Three days passed.
For three days, Barry lived a double life. During the day, he was the invisible servant. He cleaned toilets. He washed clothes. He cooked meals for people who didn't respect him. He took insults from Jonathan and cold treatment from Laura.
But at night, he watched his bank account grow to unimaginable numbers.
One hundred and fifty trillion dollars.
Two hundred and thirty trillion dollars.
Three hundred and five trillion dollars.
The trades kept executing automatically. Every second, his account grew by hundreds of billions of dollars. The system—whatever it was—never stopped. It kept buying and selling, making money out of nothing.
Or so it seemed.
Barry had tried to understand the trades better, but they were too complicated. They involved currencies from countries he'd never heard of, cryptocurrencies with strange names, and digital assets that shouldn't even exist. But they were making money anyway.
On the fourth day, something happened that almost exposed everything.
Barry was in the library, dusting the books, when Laura came in with her mother, Catherine. Catherine was Laura's biological mother, and she was just as snobbish as her daughter.
"Mother, I think Barry is stealing from us," Laura said casually.
Barry's entire body went cold.
"What makes you say that?" Catherine asked.
"He's been acting strange lately. Last night, I heard him typing on his phone at three in the morning. He looked excited about something. Servants don't get excited about anything unless they've stolen something to sell."
Barry's hands shook as he pretended to dust.
Catherine called him over. "Barry, come here."
He walked over slowly, trying to look calm.
"Have you been stealing from this household?" Catherine asked.
"No, ma'am," Barry said. His voice was steady, but his heart was pounding.
"Then why have you been acting strange?"
Barry's mind raced. He needed an excuse. He needed something that made sense.
"I've been playing a game on my phone," he said. "A mobile game. It's gotten me a bit excited because I'm close to winning the highest level."
It was a stupid excuse, but it was simple enough that they might believe it.
Laura rolled her eyes. "I told you, mother. He's obsessed with that game. It's pathetic."
Catherine looked disappointed. "Well, don't let it interfere with your work. You're here to serve, not to play games."
"Yes, ma'am," Barry said. "I'm sorry."
They left him alone, and Barry finished dusting with his heart still racing.
That night, he checked his phone.
His balance had reached five hundred and forty-two trillion dollars.
Five hundred and forty-two trillion.
It was so much money that Barry couldn't even imagine what to do with it.
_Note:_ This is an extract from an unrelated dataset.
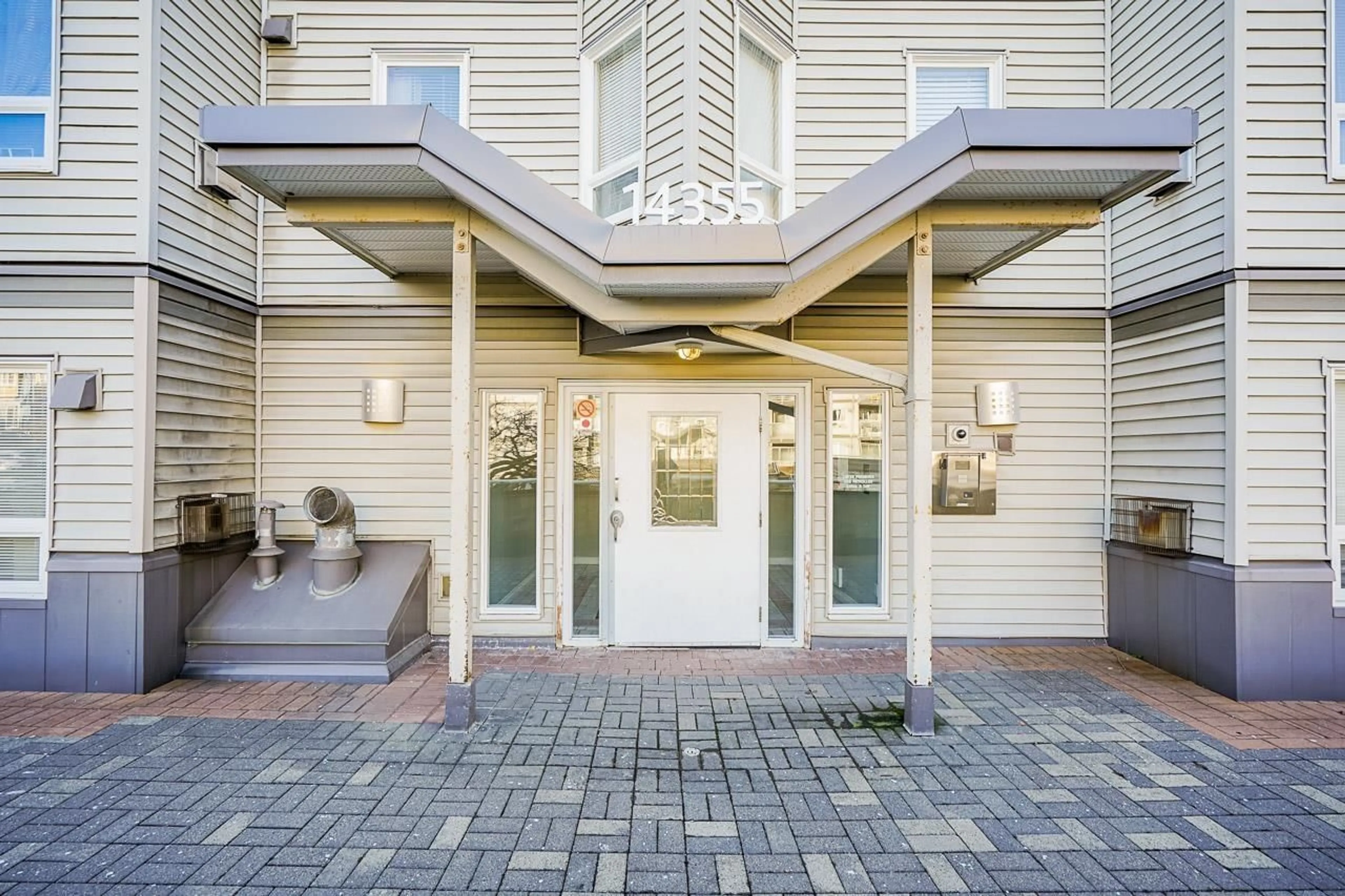 Unknown for 206 - 14355 103 AVENUE, Surrey British Columbia V3T5V5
He could buy the Raven family a thousand times over. He could buy entire cities. He could buy countries.
And he was still just a servant, washing dishes and dusting books.
Something inside Barry snapped.
He couldn't do this anymore. He couldn't pretend. He couldn't serve people who had humiliated him while he held the key to unlimited wealth in his pocket.
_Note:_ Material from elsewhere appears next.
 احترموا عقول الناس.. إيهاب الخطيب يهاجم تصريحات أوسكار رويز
That evening, Reeves came to the house.
He was visiting Laura, trying to convince her to go on a date with him. He strutted into the dining room like he owned the place, wearing an expensive suit and expensive shoes.
Barry was serving dinner. He placed a plate in front of Reeves with more force than necessary.
"Careful, servant," Reeves said, smirking. "Don't break the fine china."
Something inside Barry exploded.
"You know what?" Barry said, his voice shaking with anger. "I'm tired of this. I'm tired of serving you. I'm tired of your arrogance. I'm tired of being treated like garbage."
The entire room went silent.
"What did you just say to me?" Reeves stood up, his face turning red.
"You heard me," Barry said. "You're an arrogant jerk, and everyone knows it. You throw your money around like it makes you better than everyone else. Well, guess what? It doesn't."
"Barry!" Jonathan shouted. "Apologize immediately!"
But Barry couldn't stop. Three days of anger and humiliation and fear came pouring out of him.
"No," Barry said. "I'm done apologizing for things that aren't my fault. I'm done being treated like I'm nothing. I'm done—"
"You're fired," Jonathan said coldly. "Get out of this house. You have one hour to pack your things and leave. And if I ever see you again, I'll have you arrested."
Barry looked at Laura. She wouldn't meet his eyes.
"Fine," Barry said. "I'm done anyway."
He walked out of the dining room and went to his small bedroom. He threw his few possessions into a bag. He didn't have much. Nothing that mattered.
Thirty minutes later, he was standing outside the Raven mansion with a single bag in his hand.
He had nowhere to go. He had no money except the billions and trillions in his untouchable account. He had no job. He had no family.
For the first time in his life, Barry was truly alone.
He was also, unknown to anyone else in the world, completely and utterly rich beyond imagination.
As he stood there in the darkness, his phone buzzed.
His balance had passed seven hundred and thirty trillion dollars.
Barry looked down at his phone and made a decision.
He was done being invisible.
He was done being weak.
Starting tomorrow, everything was going to be different.
And nobody was going to know what hit them.